Explain following terms related to Decision Tree

1) Root node

2) Leaf nodes

3) Entropy

4) Gini Index

5) Information gain

6) parameters- max_depth,min_samples_leaf

7) Pruning

8) Advantages and disadvantages of decision tree

10) Compare decision tree and Random Forest

## How does the Decision Tree algorithm Work?

- A decision tree is a flowchart-like structure used for decision making and prediction. 

- It is a supervised learning algorithm used for both classification and regression problems. 

The basic steps for creating a decision tree are as follows:

1. Select the best attribute using Attribute Selection Measures(ASM) to split the records.

2. Make that attribute a decision node and breaks the dataset into smaller subsets.

3. Starts tree building by repeating this process recursively for each child node, selecting the best attribute for each one.

4. The recursion stops when it reaches the leaf node which has no child.

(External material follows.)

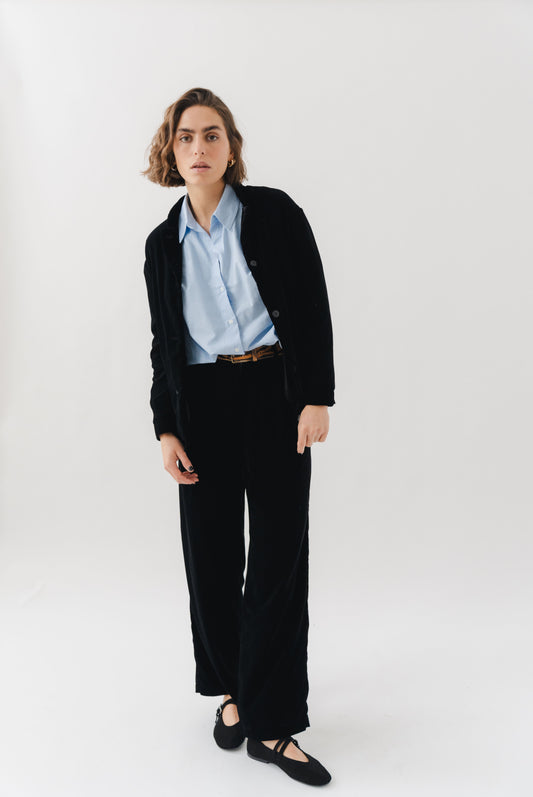 BLACK VELVET FLUID PANTS - HOPE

5. Assign the target variable to the leaf node.

6. The tree can be used to predict the target variable for the new data by traversing from the root to the leaf node.

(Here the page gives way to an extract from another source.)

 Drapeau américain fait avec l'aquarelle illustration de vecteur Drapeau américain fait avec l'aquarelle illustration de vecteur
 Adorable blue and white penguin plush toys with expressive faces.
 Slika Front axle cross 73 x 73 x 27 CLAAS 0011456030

7. After the model is built, it can be used for prediction.

8. The tree can be pruned to avoid overfitting by removing branches that do not provide much information gain.

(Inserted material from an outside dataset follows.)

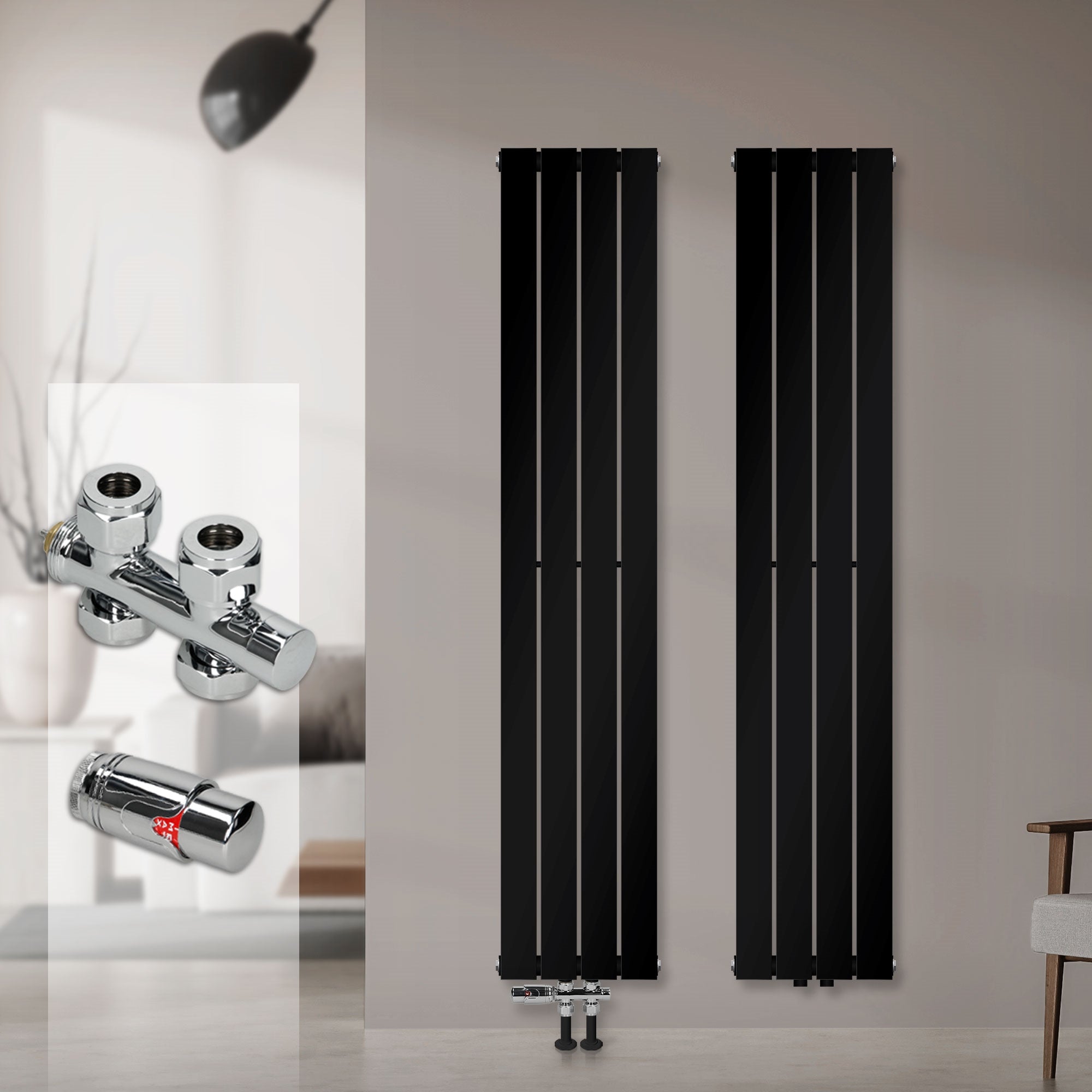 Dos radiadores negros en una pared, al lado de una válvula cromada.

9. The final tree structure can be visualized for easy interpretation.

#### __1. Root Node__

- The root node, also known as the parent node, is the topmost node in a decision tree.

- It represents the entire dataset and is the starting point for the tree. 

- The root node is responsible for splitting the dataset into smaller subsets, which are then represented by the child nodes.

#### __2. Leaf Nodes__

- A leaf node, also known as a terminal node, is the end point of a decision tree. 

- It represents a final decision or prediction and has no child nodes. 

- Once a leaf node is reached, the decision tree can stop traversing further down the tree and make a prediction based on the value assigned to the leaf node. 

## Attribute Selection Measures:

Entropy, Gini index, and information gain are all measures used to evaluate the quality of a split in a decision tree. 

These measures are used to determine which attribute should be selected as the root node, or internal node, of the tree.

#### __1. Entropy:__

- The entropy is a measure of the impurity of the sample.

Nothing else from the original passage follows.